The best baselayer type is generally personal preference. If you’re often skiing in a wet, humid climate merino wool may be the best choice. If you are in a drier environment and have access to multiple baselayers, synthetic can provide higher performance. Of course, there are many blends and materials available and it will take some time to discover your preference.

When you’re working hard you may have to unzip to dump some excess heat. Photo Credit: Spencer Miller

At Strafe we use the highest-performing technical materials and fabrics to create systems of baselayers, insulation, and weather protection depending on your intended activity. From the beginning, Strafe recognized that modern waterproof outerwear does a great job of keeping moisture and wind out, so often the limiting comfort factor is moisture buildup internally. To mitigate that internal moisture, we focus on maximizing breathability with air-permeable fabrics and insulation systems, allowing you to stay drier, warmer, and more comfortable longer.

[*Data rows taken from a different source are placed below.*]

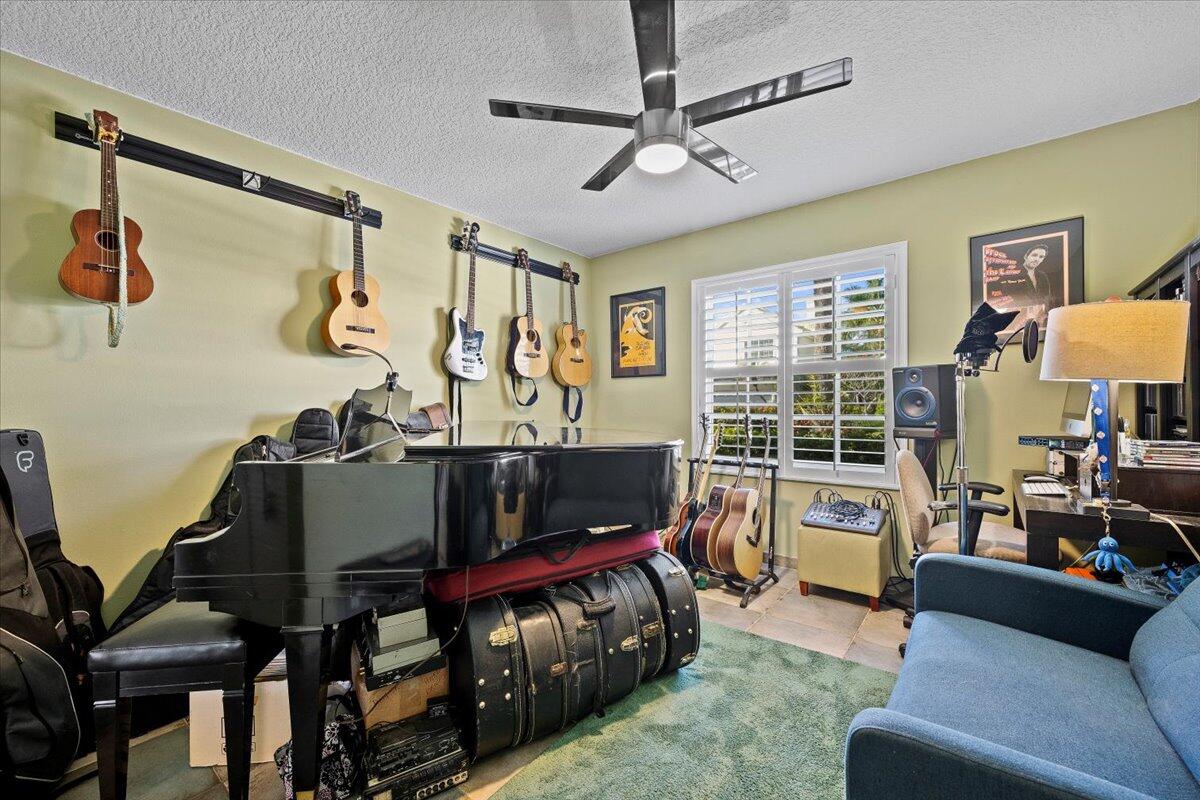 MLS #R11156374 image #14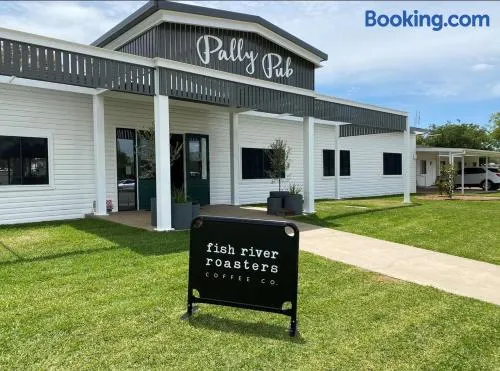 Pally Pub - Image 1
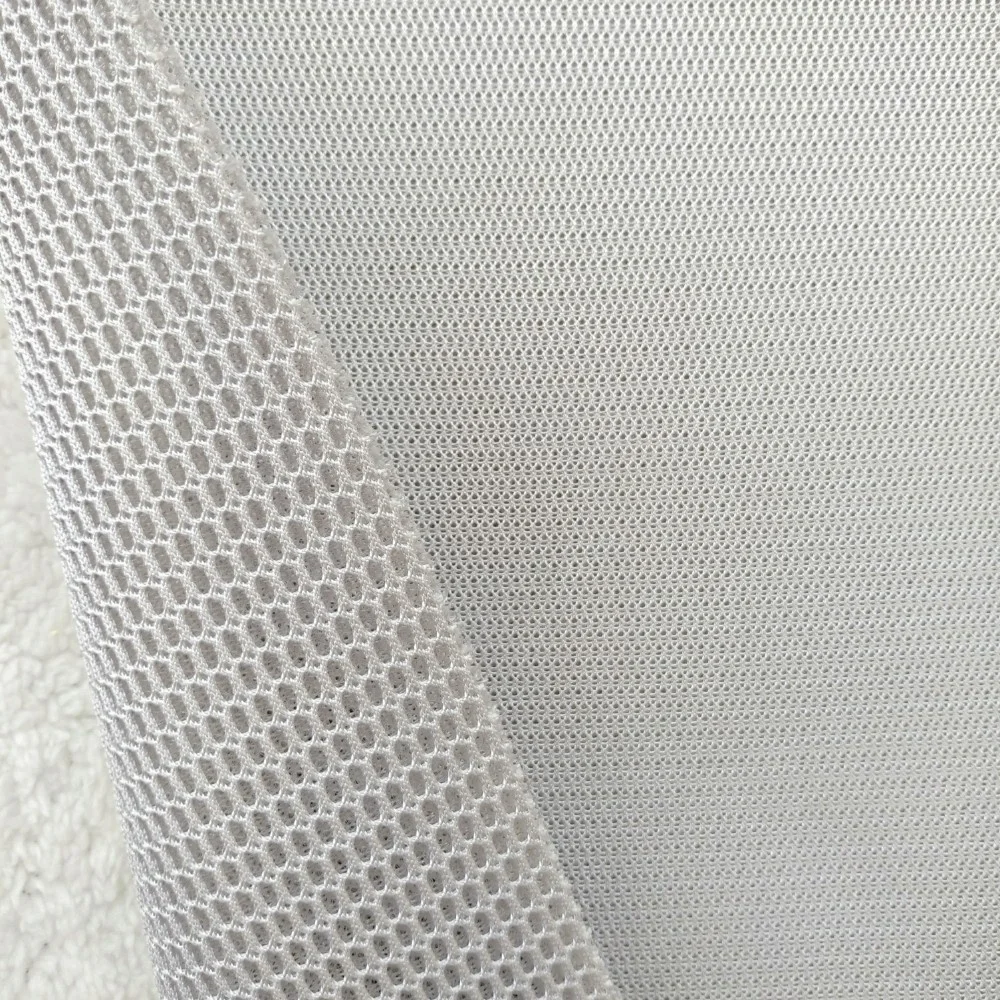 SMILE Factory Price Textile Sandwich 3D Air Spacer Mesh Fabric White Square Pattern Mesh Fabric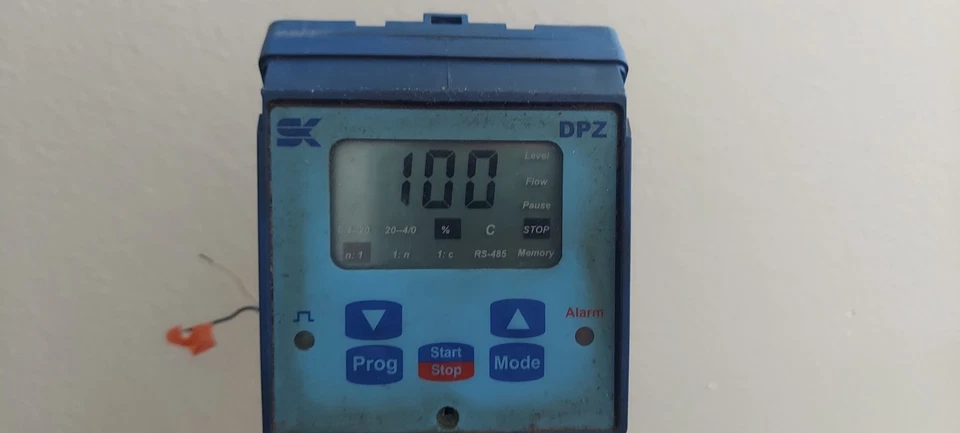 Bomba dosificadora electromagnética Seko Tekna DPZ602  Foto 2 de 4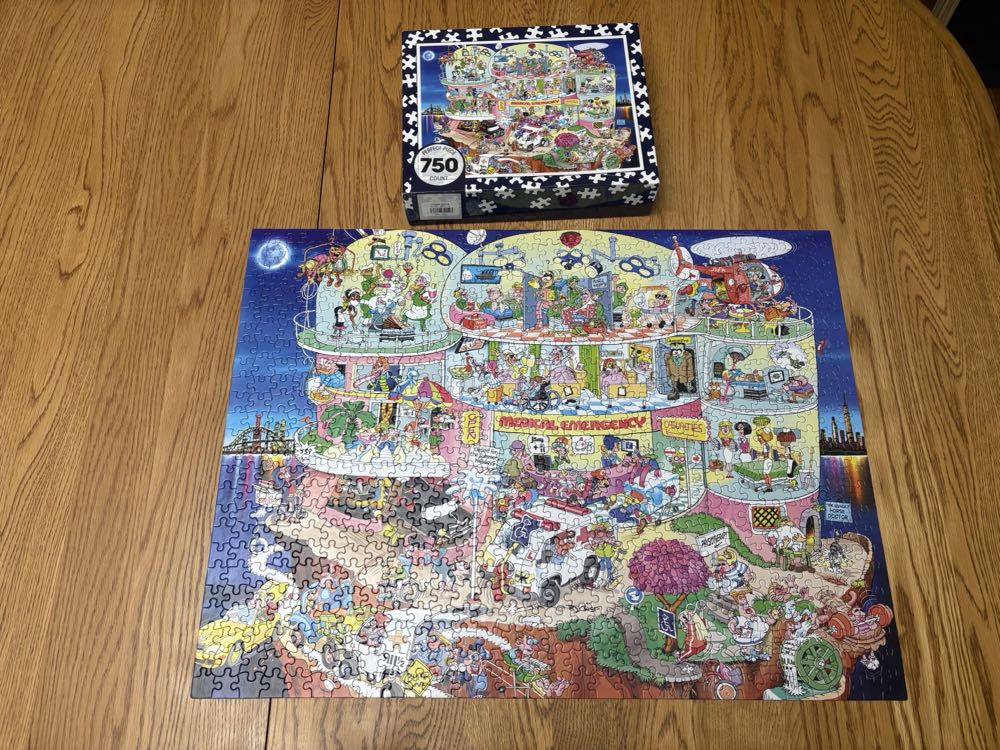 Wacky Hospital - Ceaco puzzle collectible [Barcode 192217300193] - Main Image 2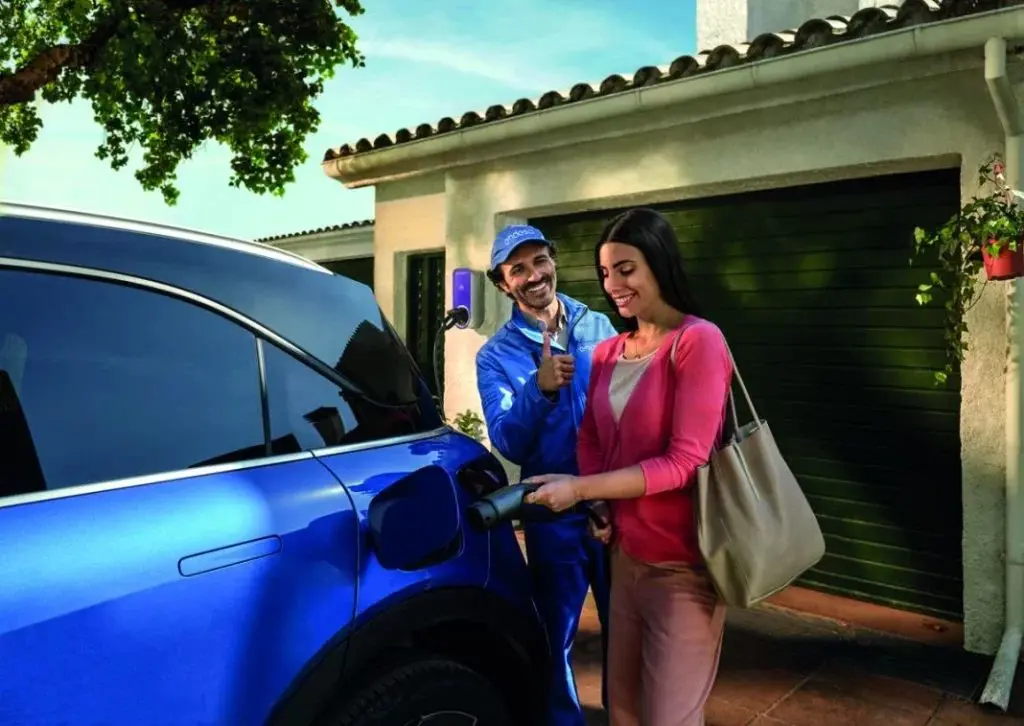 La verdadera razón: el coche eléctrico se carga en casa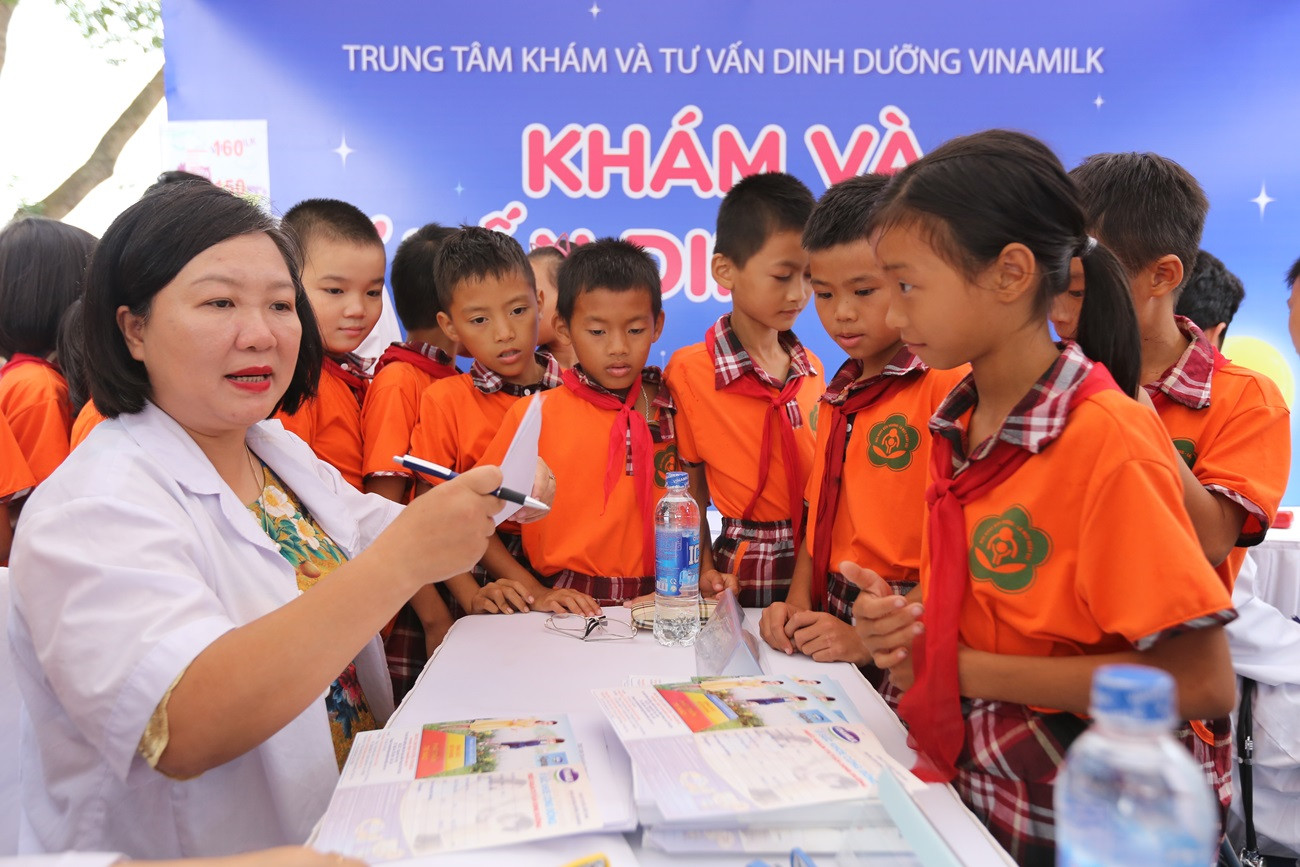 Quỹ sữa vươn cao Việt Nam va Vinamilk trao 66.000 ly sữa cho trẻ em tỉnh Vĩnh Phúc nhân dịp tết trung thu.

We love our eVent® outerwear pieces. These are 3L shells that hit the sweet spot between the two main compromises of weather protection and breathability and weight and durability. No one wants to ski in a kevlar trash bag or ride in a fragile, freezing fabric, and after many years of development these eVent® shells have found the perfect balance. With the right layering they’ll work for any day and any activity in the mountains.


We are super stoked on our new Men’s Alpha Insulator Short and Women’s Pant. If you’re skiing or touring in cold conditions regularly, these pieces allow you to stay comfortable with a single bottom baselayer under your shell pants. The full-length side-zip allows you to easily remove them should things warm up and the 100% recycled, quick-drying, and lightweight Polartec® Alpha® insulation is the most breathable insulation we’ve ever used. They’re truly a game changer for cold days and climates.
Photo Credit: Jake Burchmore
Photo Credit: Jake Burchmore
Skier cutting some turns in powder, all layered up with Strafe gear. Photo Credit: Matt Power

Of course! We are spoiled and definitely have an upper hand on how to create an effective layering system when it comes to protective gear. Our offices are located right at the base of Aspen Highlands, home of some of the best inbound terrain in Colorado. We’re athlete-owned, so we make the gear we need.

Hiking the Highland bowl, ripping down to the lift, and riding up to lap again places unique demands on apparel in terms of breathability, weather protection, insulation, mobility and storage. We found gear needed to be a blend of breathable, waterproof materials and constructions with snow-specific features and fits for moving efficiently and skiing hard all day. We’re trying to constantly evolve and find the newest and best materials to keep us dry and warm on the coldest days!


Gear doesn’t make the day great, but can sure make it better! Skiing is a cold, outdoor sport with a lot of moisture and it’s generally much easier to cool off than it is to warm up. Dress warm and give yourself options to adjust based on your comfort.

At the end of the day, it doesn’t really matter what you wear, just as long as you’re warm, comfortable, and outside enjoying the beautiful mountains we call home.

Don’t be afraid to try new things! Trying new layering is how we learn what is most comfortable for us as the skier or rider we are.

Check out the latest in layering technology for the perfect Strafe garment for your winter needs:



Is layering for kids different than adults?

Well, yes - and our friends at namuk who specialize in the finest outdoor children's clothing have you covered with a blog on their site to explain the details on how to layer your kids for a day on the slopes and in the mountains during the winter, check it out here!

Now, To The Mountains

Our hope is this guide gives you the confidence to explore the outdoors in all conditions and even better, know that you'll be doing it comfortably. Instead of having to cut your day on the slopes or in the backcountry short, hopefully you're now able to maximize your own time in the mountains thanks to this layering guide. Being able to guarantee more time in the mountains? Now, that's priceless.